--- START ---

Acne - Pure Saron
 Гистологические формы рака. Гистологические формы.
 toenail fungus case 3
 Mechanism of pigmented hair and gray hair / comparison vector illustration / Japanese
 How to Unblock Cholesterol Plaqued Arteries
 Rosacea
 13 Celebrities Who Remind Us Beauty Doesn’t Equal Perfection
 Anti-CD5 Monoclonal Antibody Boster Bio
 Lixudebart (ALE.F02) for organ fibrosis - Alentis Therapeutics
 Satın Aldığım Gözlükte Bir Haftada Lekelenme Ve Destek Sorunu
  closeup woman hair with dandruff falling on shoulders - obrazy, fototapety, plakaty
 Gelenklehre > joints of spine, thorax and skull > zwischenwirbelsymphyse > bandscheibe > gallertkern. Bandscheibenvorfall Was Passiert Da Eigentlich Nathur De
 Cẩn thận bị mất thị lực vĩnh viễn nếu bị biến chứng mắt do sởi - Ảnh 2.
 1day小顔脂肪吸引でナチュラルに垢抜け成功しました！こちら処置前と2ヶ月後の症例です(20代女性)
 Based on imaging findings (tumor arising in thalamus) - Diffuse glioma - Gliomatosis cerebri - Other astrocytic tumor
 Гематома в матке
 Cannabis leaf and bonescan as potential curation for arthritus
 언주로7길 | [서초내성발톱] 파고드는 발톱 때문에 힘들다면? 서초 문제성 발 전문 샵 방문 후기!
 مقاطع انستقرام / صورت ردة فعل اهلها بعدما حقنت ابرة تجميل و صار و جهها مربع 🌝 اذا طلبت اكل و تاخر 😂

--- END ---

• TASK DESCRIPTION
Restating the data word for word is the whole task.

• EXERCISE SOLUTION
Acne - Pure Saron
 Гистологические формы рака. Гистологические формы.
 toenail fungus case 3
 Mechanism of pigmented hair and gray hair / comparison vector illustration / Japanese
 How to Unblock Cholesterol Plaqued Arteries
 Rosacea
 13 Celebrities Who Remind Us Beauty Doesn’t Equal Perfection
 Anti-CD5 Monoclonal Antibody Boster Bio
 Lixudebart (ALE.F02) for organ fibrosis - Alentis Therapeutics
 Satın Aldığım Gözlükte Bir Haftada Lekelenme Ve Destek Sorunu
  closeup woman hair with dandruff falling on shoulders - obrazy, fototapety, plakaty
 Gelenklehre > joints of spine, thorax and skull > zwischenwirbelsymphyse > bandscheibe > gallertkern. Bandscheibenvorfall Was Passiert Da Eigentlich Nathur De
 Cẩn thận bị mất thị lực vĩnh viễn nếu bị biến chứng mắt do sởi - Ảnh 2.
 1day小顔脂肪吸引でナチュラルに垢抜け成功しました！こちら処置前と2ヶ月後の症例です(20代女性)
 Based on imaging findings (tumor arising in thalamus) - Diffuse glioma - Gliomatosis cerebri - Other astrocytic tumor
 Гематома в матке
 Cannabis leaf and bonescan as potential curation for arthritus
 언주로7길 | [서초내성발톱] 파고드는 발톱 때문에 힘들다면? 서초 문제성 발 전문 샵 방문 후기!
 مقاطع انستقرام / صورت ردة فعل اهلها بعدما حقنت ابرة تجميل و صار و جهها مربع 🌝 اذا طلبت اكل و تاخر 😂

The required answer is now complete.